*Extracted material*

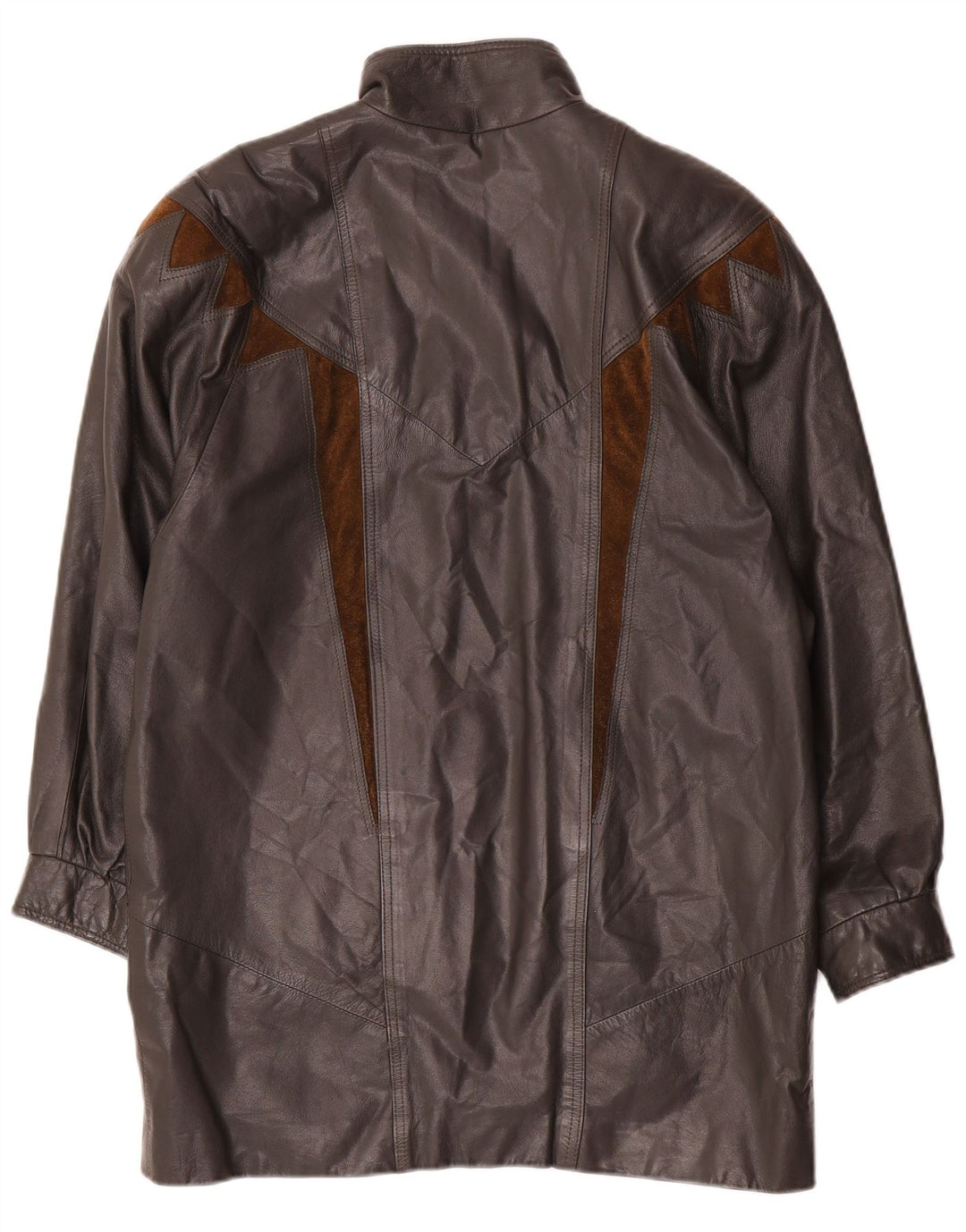 manteau en cuir surdimensionné femme vintage EU 40 Colorblock gris moyen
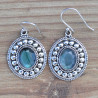 NEW ! Boucles oreilles argent ciselé pierre Labradorite facettée ovale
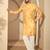 Men’s yellow silk blend printed mandarin collar kurta – traditional ethnic wear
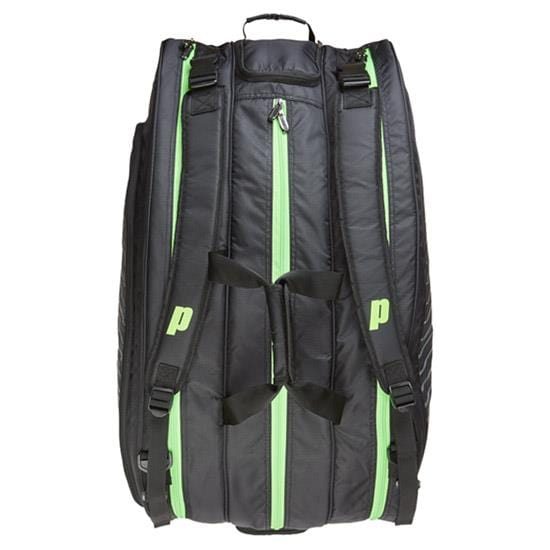 The Prince Tour Challenger 9 Racket Bag - Black, by Prince, is a stylish black racket bag featuring multiple compartments and adjustable shoulder straps. It includes neon green accents, thermal protective lining, and padding for enhanced comfort while securely holding your rackets and gear.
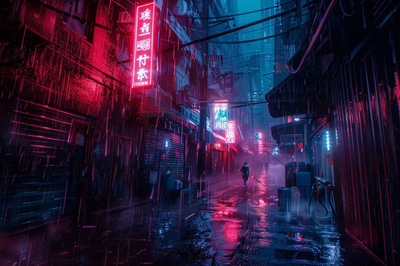 Neon Abyss Urban Cyber Corridor - Futuristic Digital Concept Art for Immersive Environment Design and Creative Projects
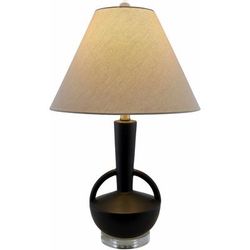 Witmarsum 25"H x 15"W x 15"D Modern Black/Clear/Peach/Metallic Gold/Translucent Table Lamp - Boutique Rugs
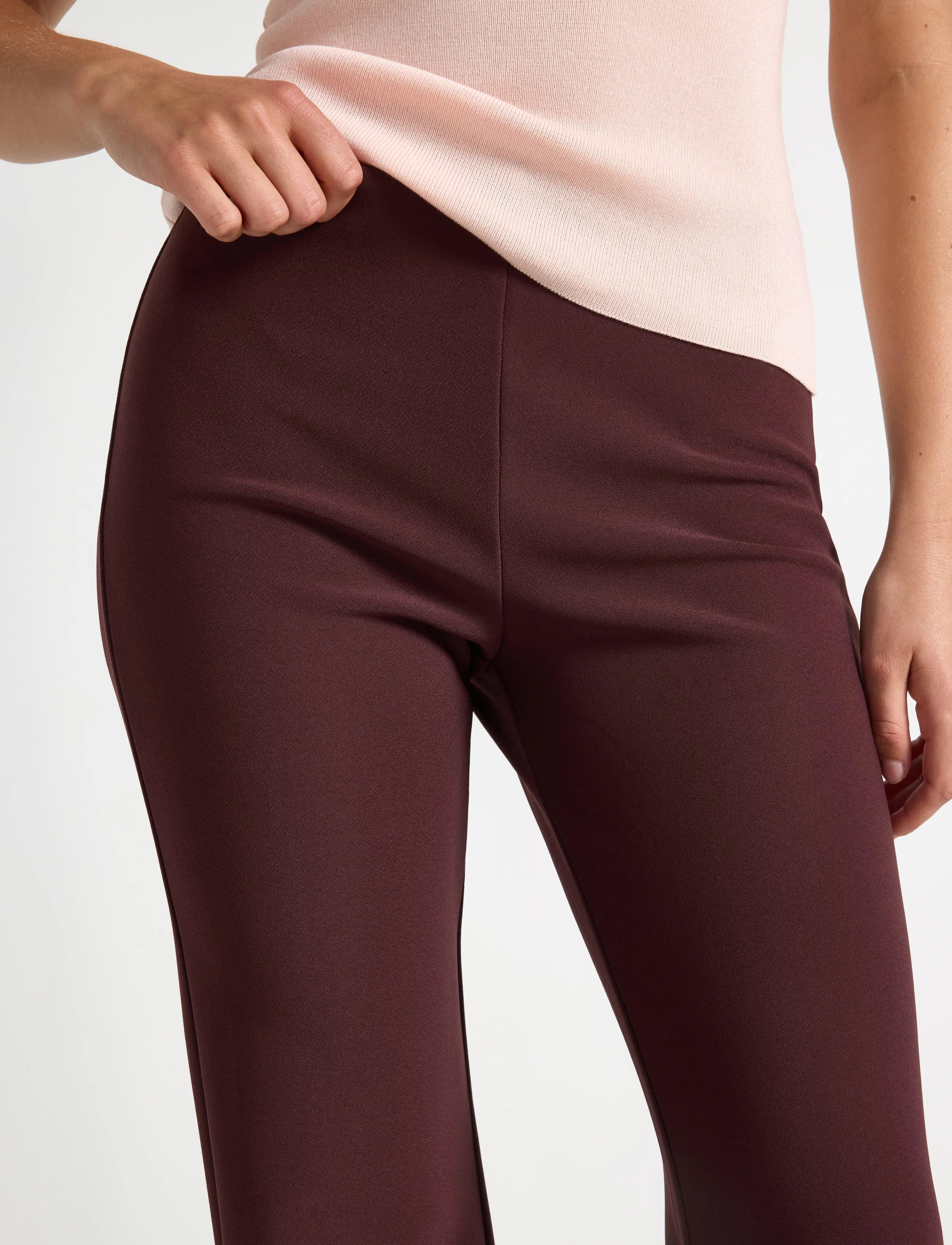 Lindex - Flared cropped trousers - flare bukser - dark dusty red - 4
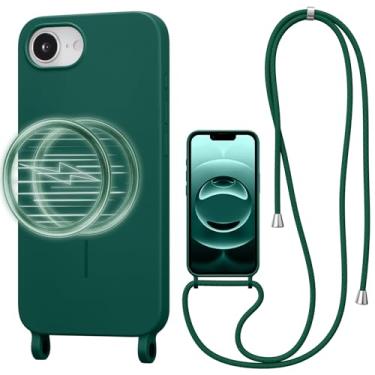 Imagem de UCASONG Capa transversal magnética para iPhone 16E de 6,1 polegadas, capa de silicone líquido com alça ajustável no pescoço, [compatível com MagSafe] capa de telefone à prova de choque - verde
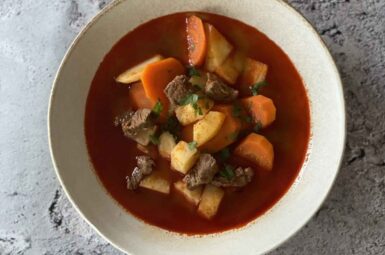 Amazing Goulash soup with all traditional ingredients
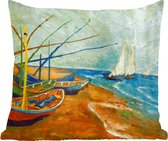 Sierkussens - Kussentjes Woonkamer - 45x45 cm - Vissersboten op het strand - Schilderij van Vincent van Gogh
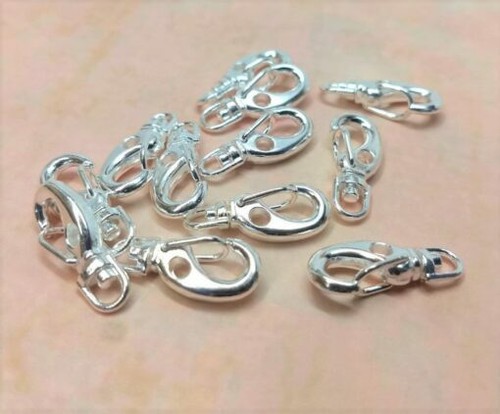 12 pcs. Silver Plated Lobster Clips Swivel Clasps for Key Ring – 22mm x 9mm - Picture 3 of 3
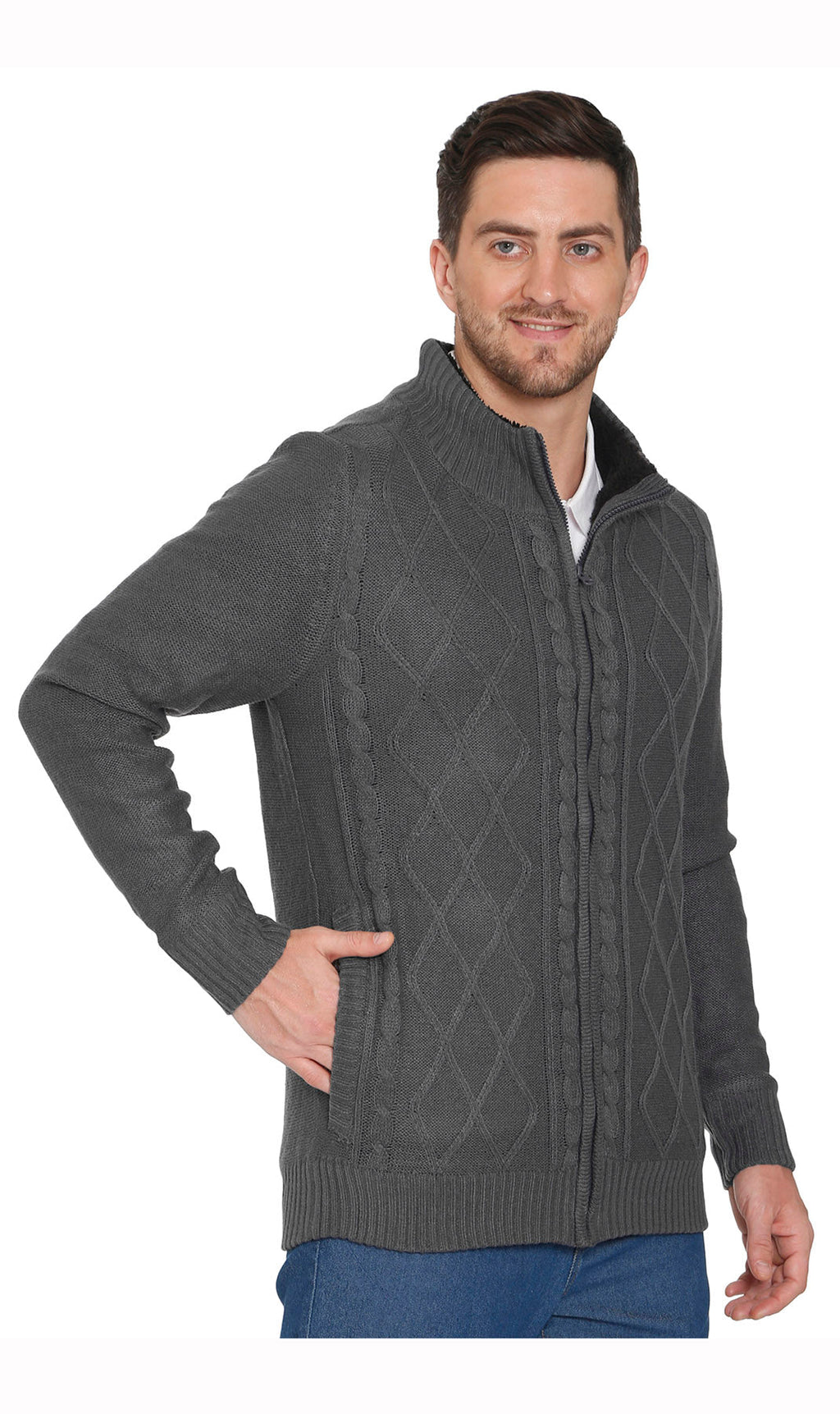 Sherpa Lined Fleece Sweater Jacket - Pendo Store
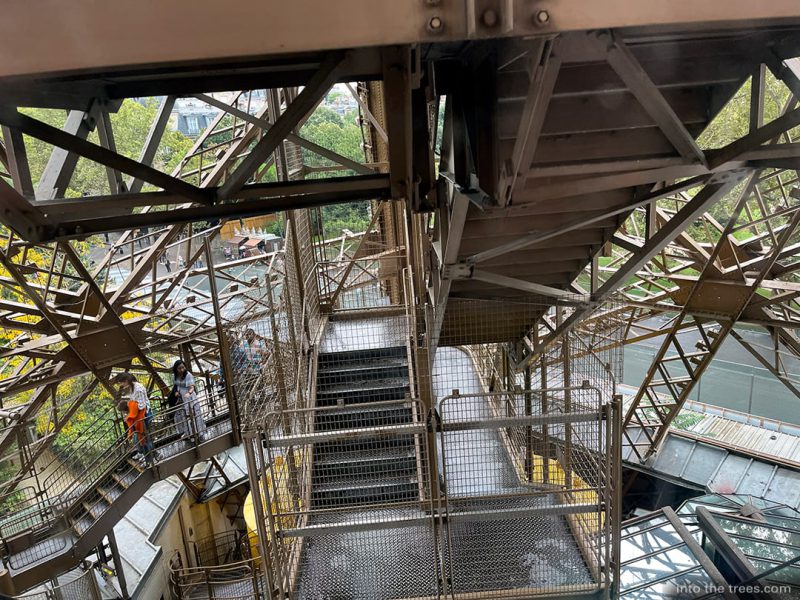 Stairs up the Eiffel Tower.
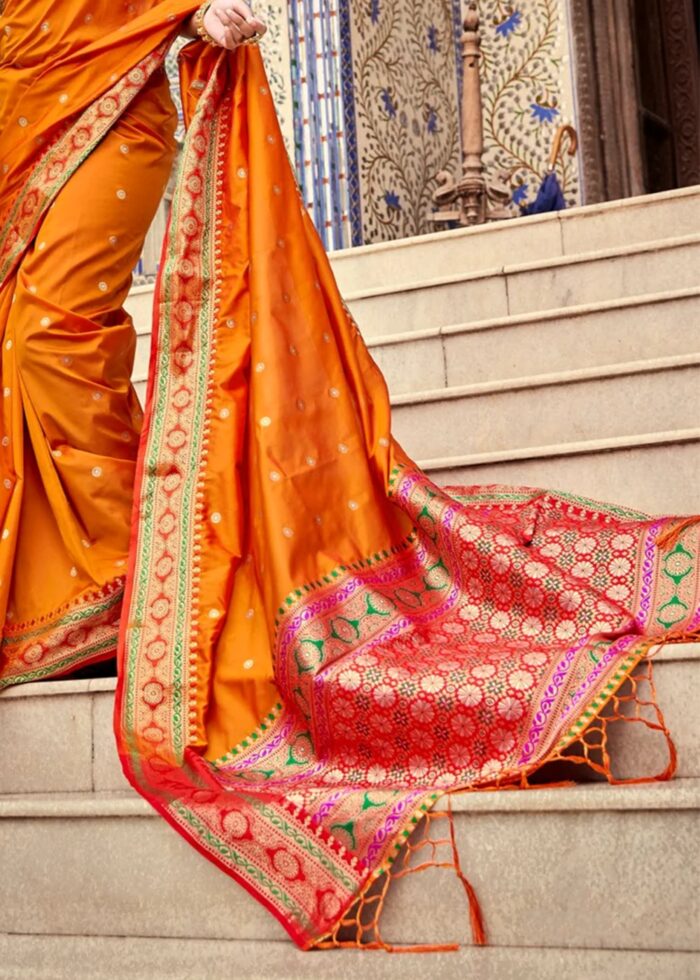 Saffron Orange Banarasi Saree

*Problem statement*
The lines to set down run from the line with "Neon Abyss Urban" up to and including the line with "Amazing Goulash soup" in the entries above. Reproduce them exactly, with no pictures.

*Output of the task*
 Neon Abyss Urban Cyber Corridor - Futuristic Digital Concept Art for Immersive Environment Design and Creative Projects
 Witmarsum 25"H x 15"W x 15"D Modern Black/Clear/Peach/Metallic Gold/Translucent Table Lamp - Boutique Rugs
 Lindex - Flared cropped trousers - flare bukser - dark dusty red - 4
 Imagem de UCASONG Capa transversal magnética para iPhone 16E de 6,1 polegadas, capa de silicone líquido com alça ajustável no pescoço, [compatível com MagSafe] capa de telefone à prova de choque - verde
 Amazing Goulash soup with all traditional ingredients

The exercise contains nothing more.